Once you’ve got bees, with good management, you can always have bees. However, at some point you reach that sweet spot where you have enough bees and don’t want more colonies.

The Goldilocks Principle is the concept of having just the right amount. Not so few colonies that a really harsh winter causes problems, and not so many that you cannot enjoy your beekeeping at the peak of the season.

When you reach that point you no longer need to make increase, you just want to keep the same number of colonies.

Which means that the swarm control methods that essentially reproduce the colony may not be ideal.

Of course, you can unite colonies having removed the unwanted queen from one of them, but this is additional work.
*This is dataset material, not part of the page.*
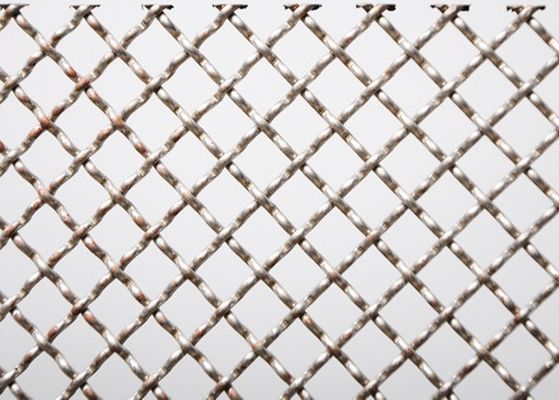 SUS 304 فولاد ضد زنگ بغل سیم بافته برای صفحه لرزش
Not a huge amount of work admittedly, but work nevertheless 3.

This is where the Demaree method of swarm control comes in useful. As practised, Demaree swarm control prevents the loss of the swarm without increasing colony numbers.
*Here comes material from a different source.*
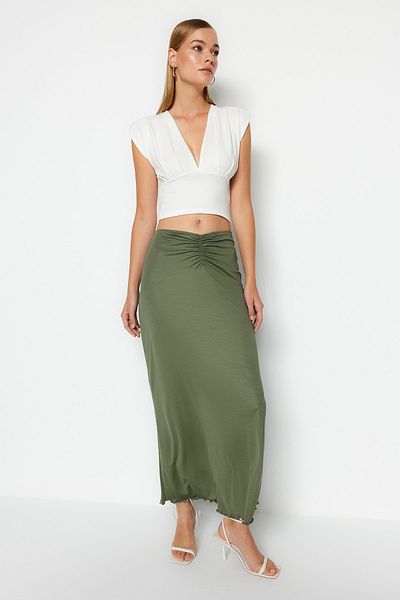 Trendyol Collection Ecru pletená halenka TWOSS23BZ01008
It has the additional significant advantages of keeping the entire foraging force of the colony together (even better for honey production than not losing a swarm) and needing no specialised equipment.

Demaree swarm control – in principle

George Demaree

George Demaree

The principle of the method is very straightforward.
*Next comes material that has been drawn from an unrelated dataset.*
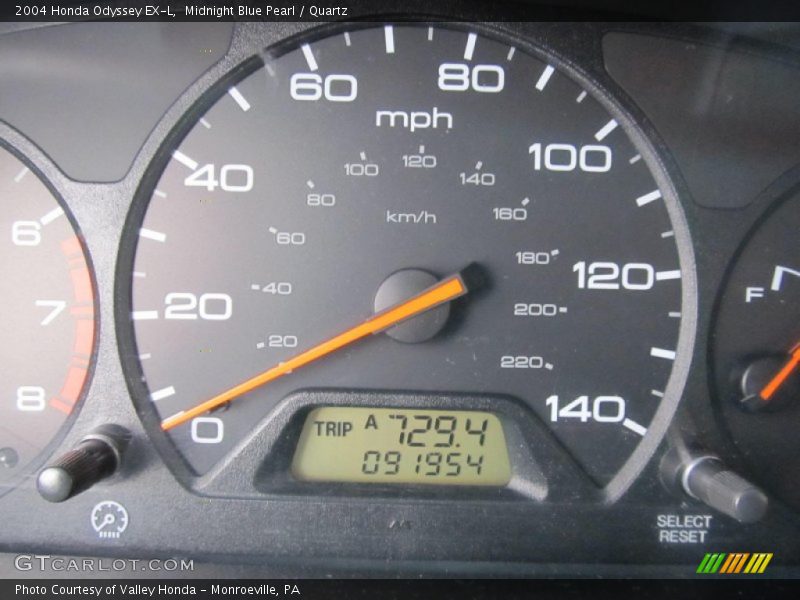 Midnight Blue Pearl / Quartz 2004 Honda Odyssey EX-L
When queen cells are found during an inspection you conduct a form of a vertical split, separating the original queen and flying bees from the nurse bees and sealed brood. You place the latter above a queen excluder.

A few days later you return and remove any new queen cells from the top box, so preventing swarming. Finally you leave all the brood to emerge from the top box.

Demaree swarm control – in practice

A cartoon diagram of the process is shown below. The only additional equipment required is a brood box with 11 frames of drawn comb or foundation and a queen excluder.

That’s it.

Demaree swarm control

Demaree swarm control

Here’s a bit more detail:

  1. If you find queen cells during an inspection gently remove the brood box and place it on an upturned roof off to one side 4.
  2. Place the new brood box on the original floor. Add 9 frames of drawn comb or foundation, leaving a gap in the middle of the box.
  3. Using minimal smoke, go through the original box and find the queen.
  4. Place the frame with the queen in the middle of the new brood box on the original floor. This frame must contain no queen cells.
  5. Push the frames in the new brood box together and add in the eleventh frame.
  6. Add a queen excluder.
  7. Add the supers above the queen excluder. If there were no supers on the original hive then it’s worth adding a couple of supers now. It will provide better separation of the new and old brood boxes and it will encourage the bees to store nectar in supers rather than the top brood box.
  8. Add a second queen excluder.
  9. Place the original brood box on top of the queen excluder.
  10. Go through the upper brood box and remove every queen cell. Shake the bees off the frames to do this. Push the frames together and add one additional frame. Add the crownboard and roof.

Leave the colony for one week. At the next inspection you should only need to check the top brood box (i.e. the original one).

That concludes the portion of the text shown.